Angela L. Robinson (Wito clan of Chuuk, Micronesia) joined the University of Utah in August of 2019 as the inaugural Pasifika Post-Doctoral Fellow, part of the Pacific Islands Studies Initiative through the Mellon Foundation. She brings with her a newly-obtained doctorate degree in Gender Studies from the University of California, Los Angeles. 

Dr. Robinson’s research and teaching focus on native Pacific studies, indigenous feminisms, affect studies, and performance studies, with particular emphasis on contemporary Oceania performances of sexuality, gender, and indigeneity. In her current research projects, Dr. Robinson examines affective regimes of colonialism in Oceania and the ways in which Indigenous performance articulates alternative forms of sociality and sovereignty through corporeal ontologies.

Such an interdisciplinary research agenda, coupled with a dedication to activism, teaching, and mentoring, aligns with the PI Studies Initiative’s goal to make the University of Utah the nation’s leader in Pacific islander studies through innovative transdisciplinary research. Particularly, Dr. Robinson’s scholarship enhances and embodies the U’s commitment to community-engaged scholarship. Robinson says “As one of the few Native Micronesians studying and working in the U.S. academy, I am invested in the future of indigenous Pacific studies, and my teaching, research, and service are committed to creating more opportunities in which underrepresented Pacific island communities have access to the same type of resources I have accessed.”

During her two-year appointment as the Pasifika Post-Doctoral Fellow, Dr. Robinson will work on developing her own scholarship, but will also participate in community dialogs, student mentorship and overall shaping for the growth of the PI Studies Initiative.

To help us get to know Dr. Robinson, we asked her a few questions.


You have lived in Salt Lake City for about 3 months. What is your favorite thing about SLC, so far?

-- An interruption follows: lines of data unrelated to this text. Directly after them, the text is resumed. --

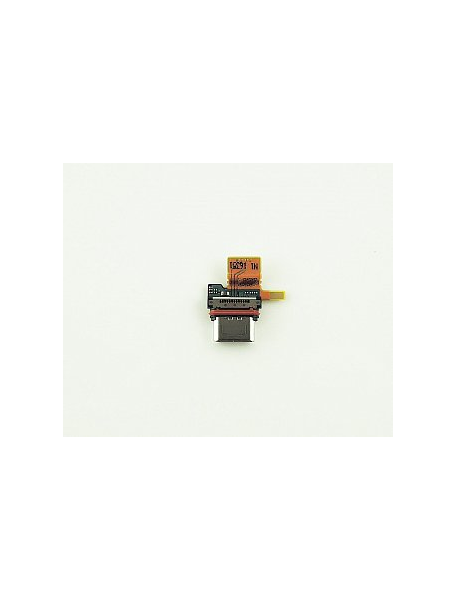 Cable Flex de conector de carga Sony Xperia X Compact F5321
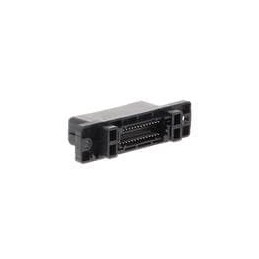 1 pcs : 2-292185-8 - Heavy Duty Power Connectors REC ASS'Y OF HYB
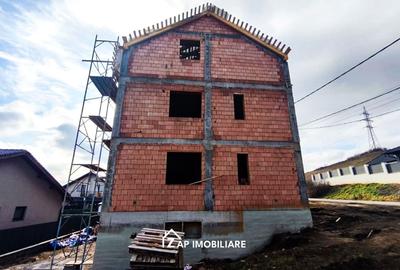 Apartamente 2 camere - Bloc NOU - Sancraiul de Mureș - 3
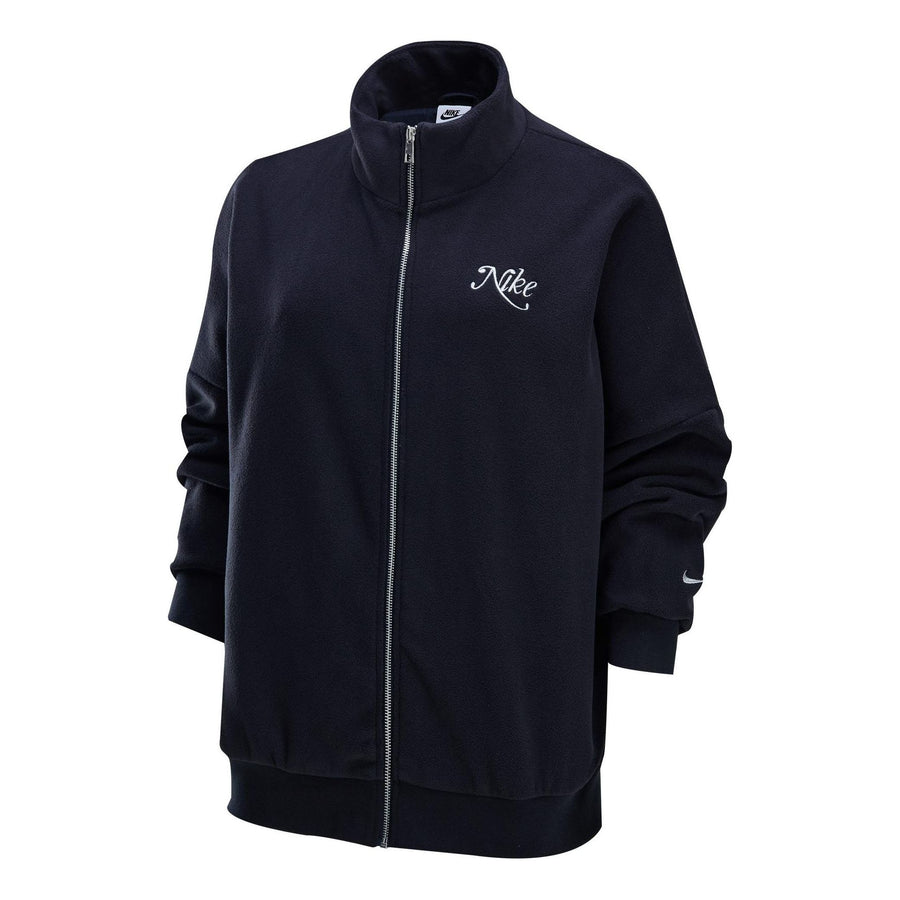 

Куртка Nike Sportswear Jacket 'Black', черный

I love exploring a new city. Prior to moving here, I’d only visited Utah once as a kid, so my partner and I have enjoyed adventuring around town with our dogs and getting in touch with our outdoorsy-wilderness sides. One of my favorite things about SLC so far has to be the amazing Pacific Islander communities. All of the wonderful programs and resources for Pacific Islanders here is something I could only dream of as a young college student fresh out of Hawaiʻi and totally culture-shocked and homesick. It’s so great to see and experience such robust diasporic Pasifika communities. I’m really looking forward to attending more of the events here and getting to know the communities better.

If you were not a scholar, what other action-packed career path would you have liked to take?

When I was first applying to Ph.D. programs, my MA advisor warned me that if there was anything else I might want to do with my life, to do that thing first. I told her that the only other thing I’d ever wanted to do in my life was to be a famous singer. Thus, here I am. Nowadays, though, it would either be the proprietor of animal rescue or a queer event planner.

What are you the most excited about for the rest of your appointment as the Pasifika Post-Doctoral Mellon fellow? 

We have some really exciting programming coming up this year and the next, and I can’t wait for it all to unfold.  I feel so lucky to have this small part in helping organize, and I’m really looking forward to the conversations that will develop from these events.

What personal quality do you have that we are probably not ready for?

Wow, there are so many! Kidding aside, I actually was a professionally-trained singer as a young person, so that dream of becoming a famous singer had a little backing, I suppose. I also know my way around a PS4 controller pretty well.